[[ TASK INPUT, beginning ]]

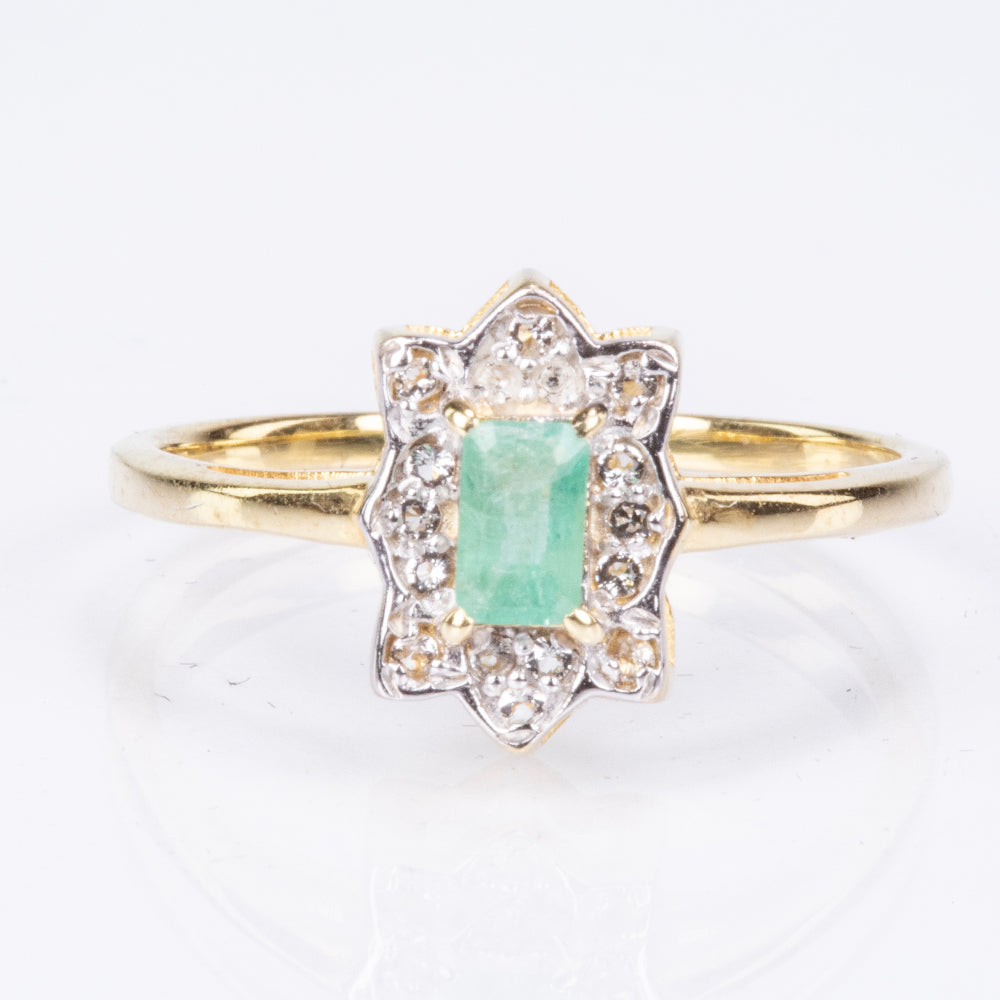 Pozlacené Stříbro 925/1000 - Prsten s Brazilským Smaragdem a Bílým Topazem - Karátové číslo: 0.41. přibližná hmotnost: 2.16 gramů 10 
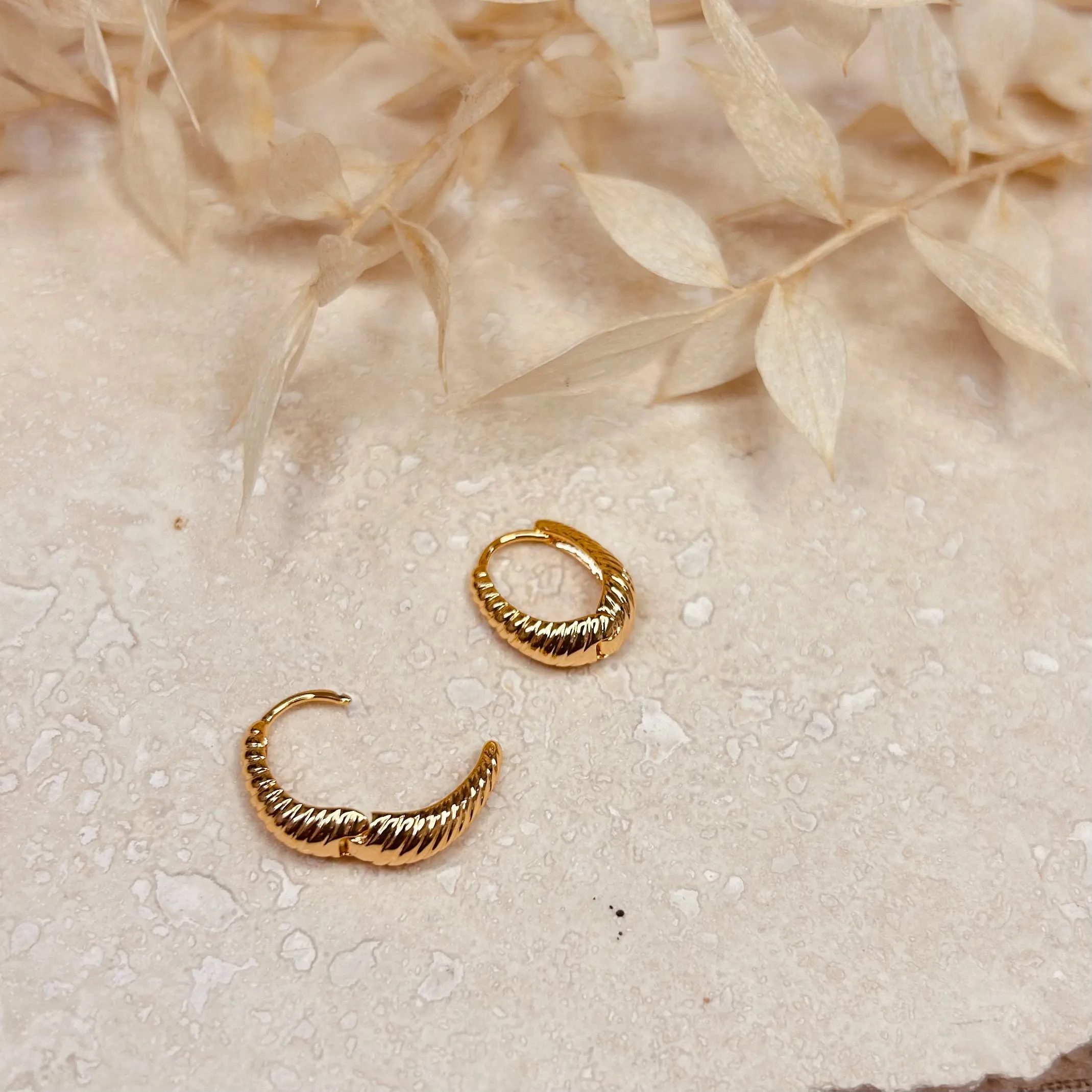 Everyday Oval Ribbon Hoop Earrings
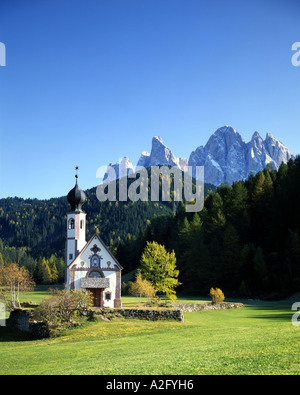 IT - TRENTINO: St. Johann in Ranui im Val di Funes Stockfoto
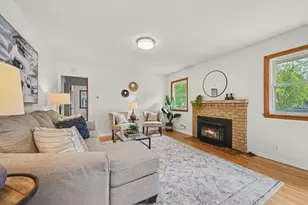 2733 Parkview Blvd, Robbinsdale, MN 55422 - Photo 4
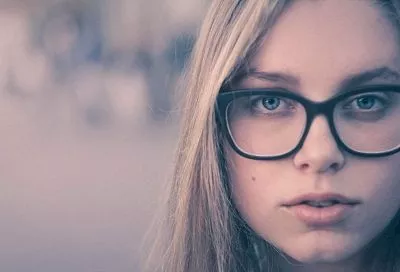 Не конъюнктивит, но тоже неприятно: отчего появляется ощущение песка в глазах и как с этим бороться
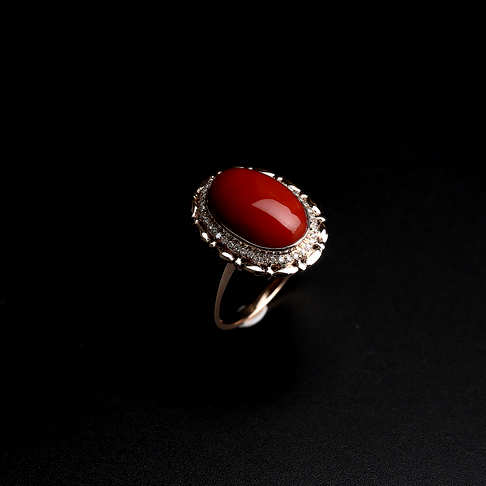 金镶钻阿卡红珊瑚戒指--红珊瑚-阿卡-B102516K28019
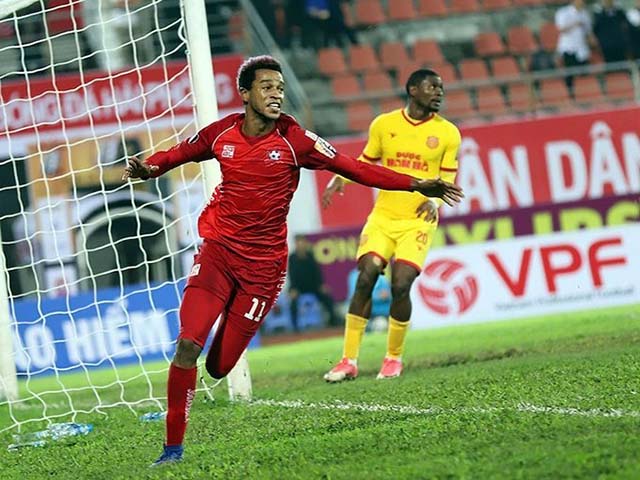 Bóng đá - Clip hot V-League: Sao Hải Phòng solo đỉnh cao, lập hat-trick rồi... thẻ đỏ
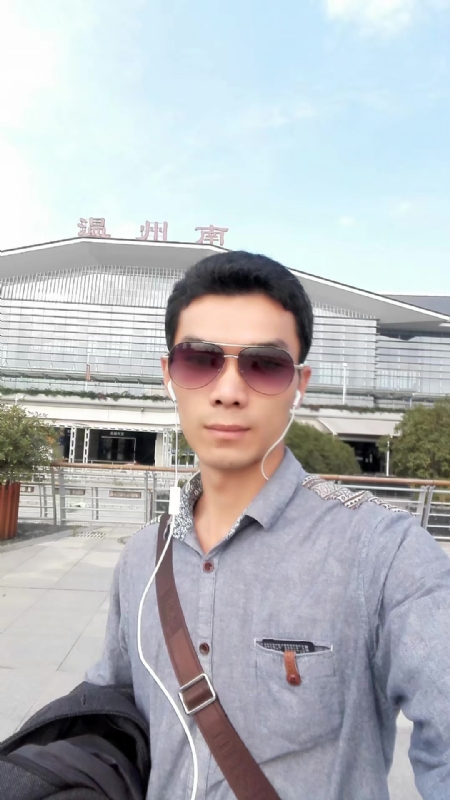 错把真心喂了狗的第三张照片--将乐婚介网
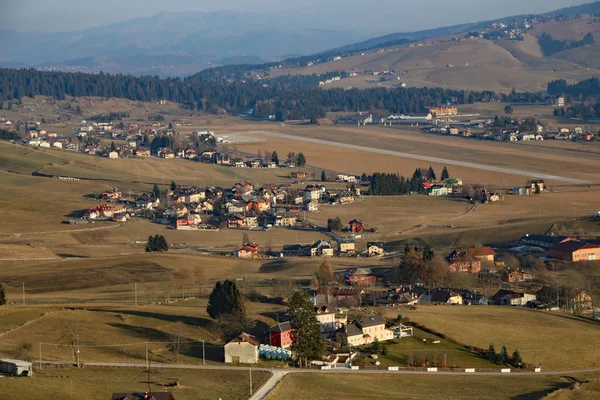 Panorama der stadt asiago in der provinz vicenza in nor — Stockfoto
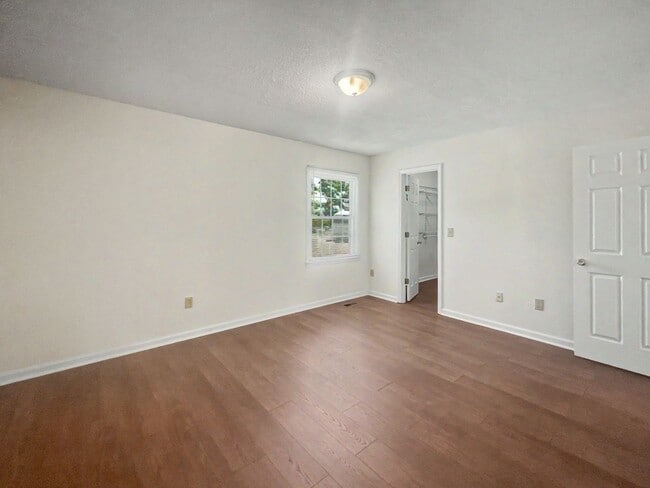 Building Photo - Move-In Ready Magic in the Heart of Scotland County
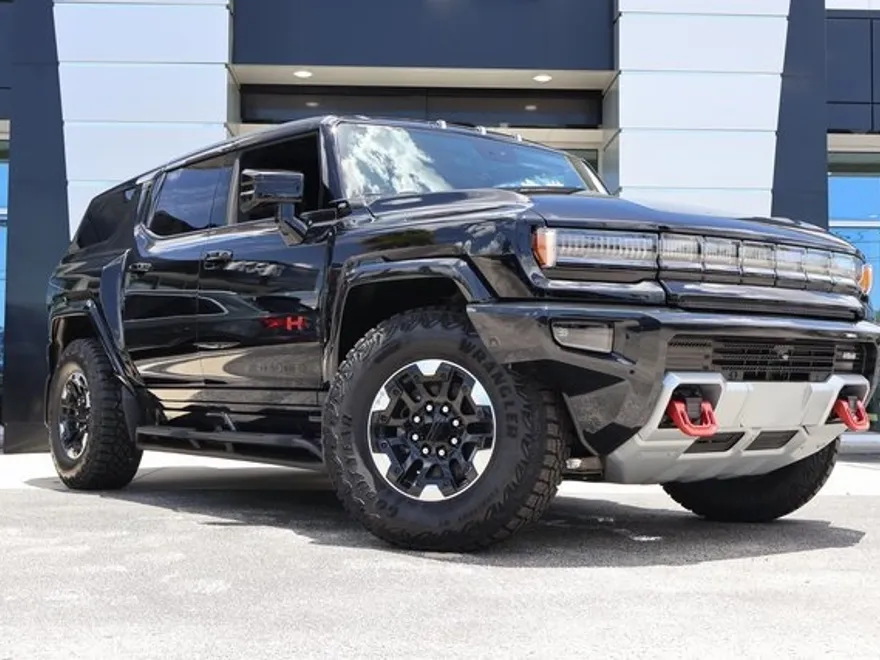 2024 Gmc Hummer EV SUV photo 1
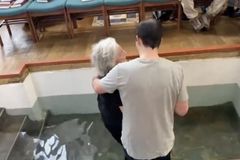 파킨슨병 앓는 77세 여성 세례받는 영상, 감동 전해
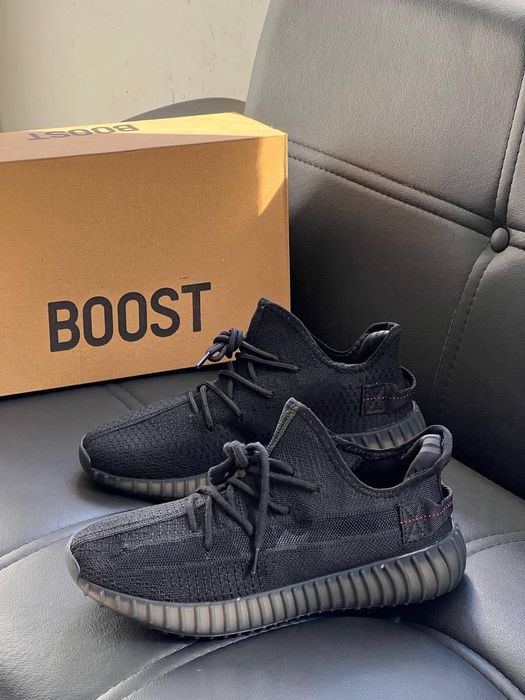 Yeezy Boost 350V2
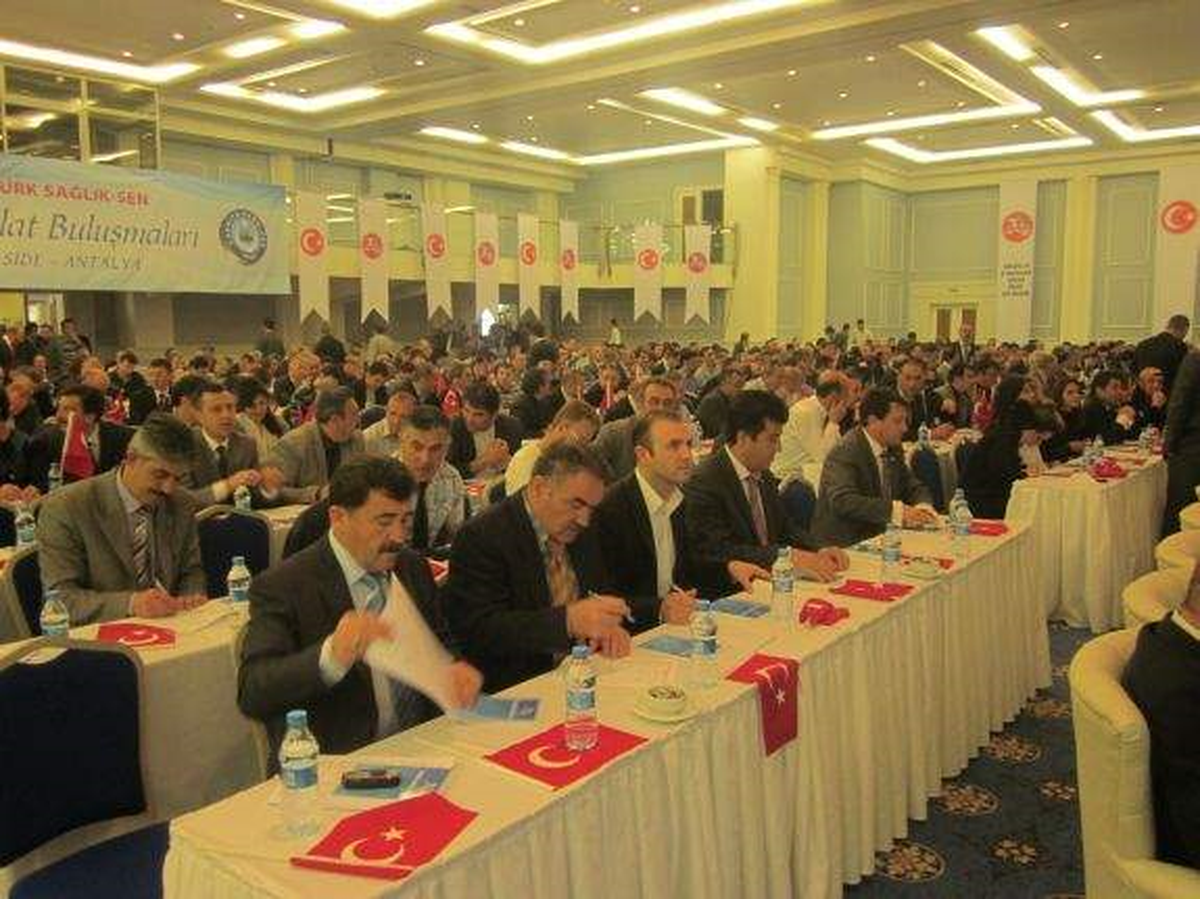 Türk Sağlık Sen Temsilcisine Teşekkür Plaketi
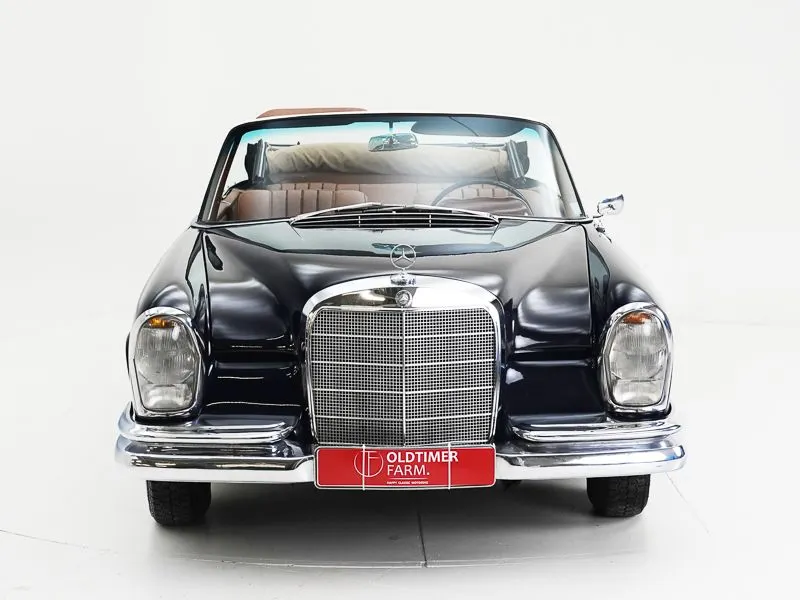 Mercedes-Benz 220 SE Cabriolet 17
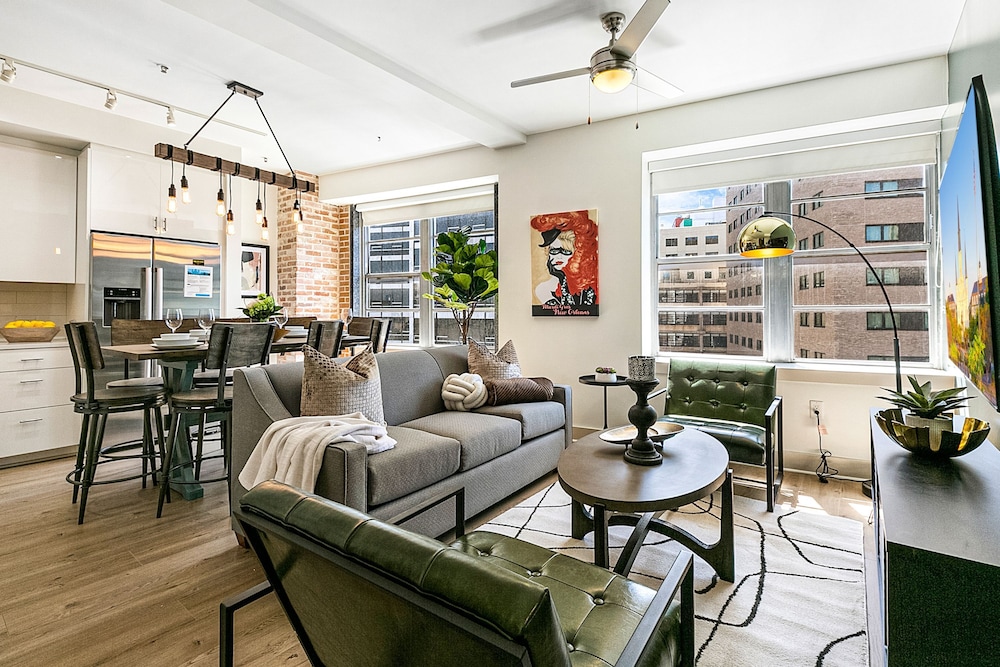 Exclusive Condo, 4 Bedrooms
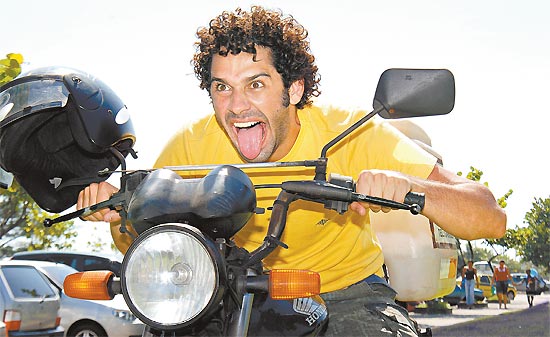 Baldasserini brinca em moto emprestada no meio da rua por um motoboy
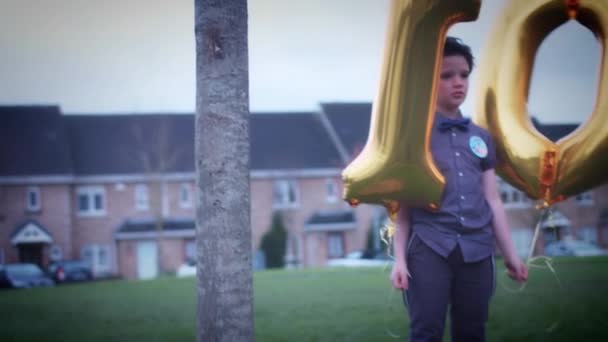 4k part 10 födelsedagsbarnet poserar utomhus med ballonger — Stockvideo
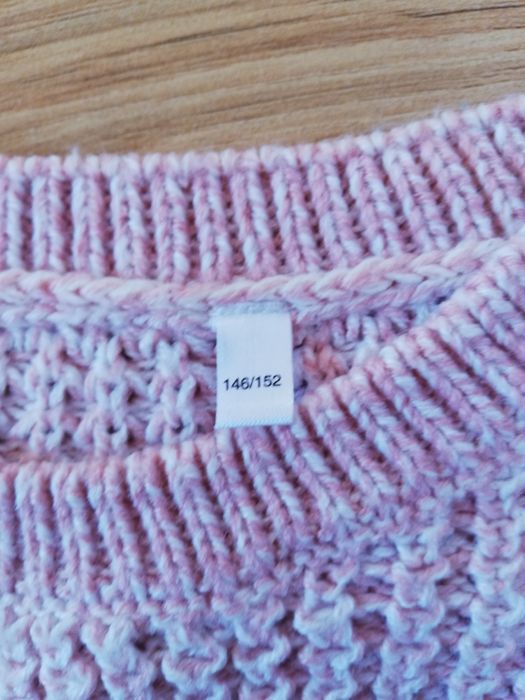 Sweterek. Rozmiar 146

[[ TASK INPUT, end ]]

- [WORK ORDER]: Transcribe every line in the entries above, taking out only the images.

- [REPLY]:
 Pozlacené Stříbro 925/1000 - Prsten s Brazilským Smaragdem a Bílým Topazem - Karátové číslo: 0.41. přibližná hmotnost: 2.16 gramů 10 
 Everyday Oval Ribbon Hoop Earrings
 IT - TRENTINO: St. Johann in Ranui im Val di Funes Stockfoto
 2733 Parkview Blvd, Robbinsdale, MN 55422 - Photo 4
 Не конъюнктивит, но тоже неприятно: отчего появляется ощущение песка в глазах и как с этим бороться
 金镶钻阿卡红珊瑚戒指--红珊瑚-阿卡-B102516K28019
 Bóng đá - Clip hot V-League: Sao Hải Phòng solo đỉnh cao, lập hat-trick rồi... thẻ đỏ
 错把真心喂了狗的第三张照片--将乐婚介网
 Panorama der stadt asiago in der provinz vicenza in nor — Stockfoto
 Building Photo - Move-In Ready Magic in the Heart of Scotland County
 2024 Gmc Hummer EV SUV photo 1
 파킨슨병 앓는 77세 여성 세례받는 영상, 감동 전해
 Yeezy Boost 350V2
 Türk Sağlık Sen Temsilcisine Teşekkür Plaketi
 Mercedes-Benz 220 SE Cabriolet 17
 Exclusive Condo, 4 Bedrooms
 Baldasserini brinca em moto emprestada no meio da rua por um motoboy
 4k part 10 födelsedagsbarnet poserar utomhus med ballonger — Stockvideo
 Sweterek. Rozmiar 146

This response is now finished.